Several officials, along with leaders of landowner organizations in the gas-rich areas of the poverty-riddled Southern Tier and even some gas-industry executives, told The Post they believe Cuomo wants the ban as a “cover’’ to delay his decision on the controversial natural-gas drilling through his re-election campaign next year.

Democratic and Republican lawmakers in the Senate claimed Cuomo helped members of the Independent Democratic Conference (IDC) draft a surprise proposal to delay fracking for at least two more years.

Assembly Democrats led by Speaker Sheldon Silver (D-Manhattan) passed a similar measure a day earlier — but that was expected since they had approved the proposal before.

“The widespread view is that the governor has reached the point where he wants to be rid of having to make a decision through his re-election campaign next year,” a senior legislative official said.

Aides to Cuomo strongly denied that the governor encouraged the efforts to ban fracking, noting he has said since taking office in 2011 that “science and not politics” would guide his decision.

“If the governor says no to fracking because of legislative opposition, that would be giving in to politics, not abiding by the science,” said a source close to Cuomo.

In addition, the source said, Cuomo had the assurance of Silver and the Independent Democrats that they won’t try to block his approving of fracking if ongoing studies by the Health Department and the Environmental Conservation Department conclude fracking can be done safely.

“The understanding is that if a state agency finds that this can be done safely, the Legislature won’t try to impose its political judgment on the decision,” the source said.

The source disputed a claim by Robert F. Kennedy Jr., a strong fracking opponent and a financial investor in “green” industries, that Cuomo wanted the Health Department to delay its report for a year or more until a study on fracking about to be undertaken by the Pennsylvania-based Geisinger Health System is completed.

“That’s completely false,” the source said. “What the Health Department plans to do is to consult those working on the Geisinger study, not await the results.”

Meanwhile, The Post learned Senate Republican Leader Dean Skelos of Nassau County, who has worked closely with Cuomo in the past, has decided to prevent the IDC’s anti-fracking legislation from being brought to a vote.

Skelos, who supports fracking, pledged to block the measure during a closed-door meeting of the GOP conference last week, said a source at the meeting.

Skelos has the power to prevent bills from being brought to a vote under a power-sharing agreement with IDC leader Sen.

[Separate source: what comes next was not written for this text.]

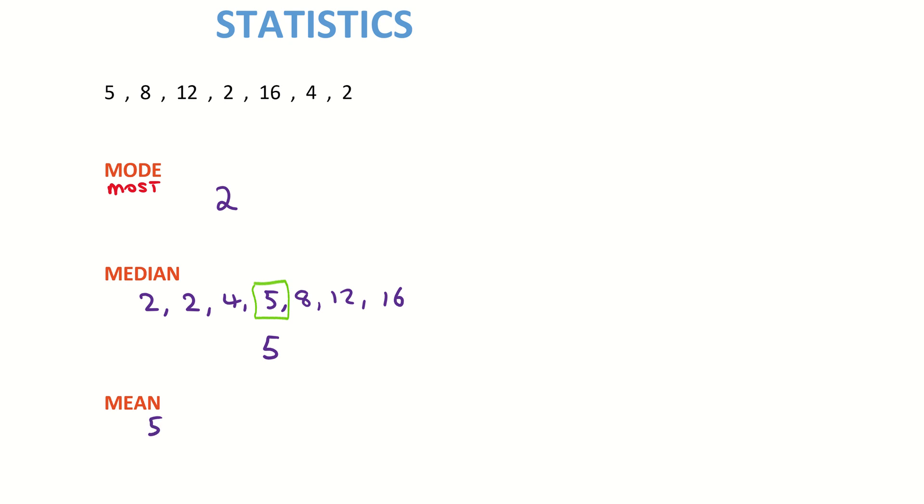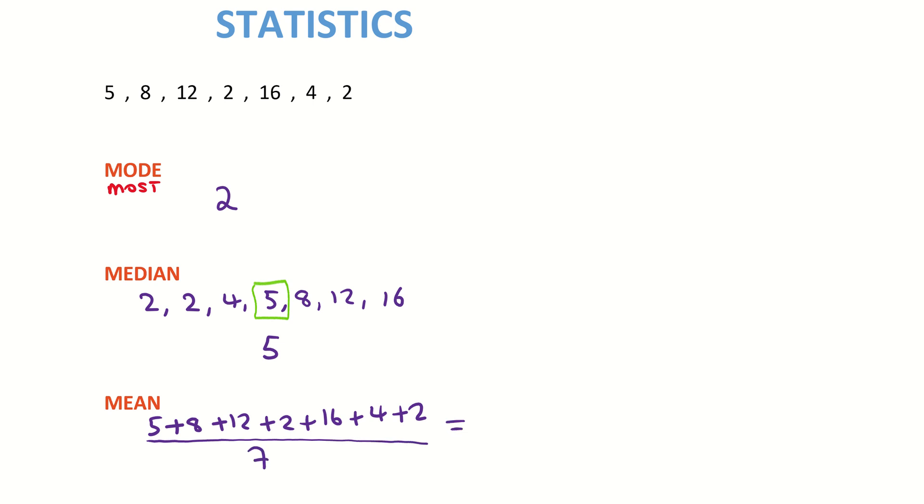So I'm going to add the numbers together: 5 plus 8 plus 12 plus 2 plus 16 plus 4 plus 2. I divide that by the total number of numbers in my list, which is 7. When I add them together on the top of my fraction, I get 49 over 7.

Jeff Klein (D-The Bronx).

In a related development, Deputy Senate Republican Leader Tom Libous of gas-rich Broome County, who has predicted for nearly two years that Cuomo would give the green light to fracking, said he is no longer sure what the governor is going to do.

“I’m frustrated. I just don’t get it,” he said.

Libous also ripped Silver as a “hypocrite” for passing a drilling ban, contending that, in the past, the Lower East Side lawmaker had deferred to the opinions of both the Health and Environmental Conservation departments.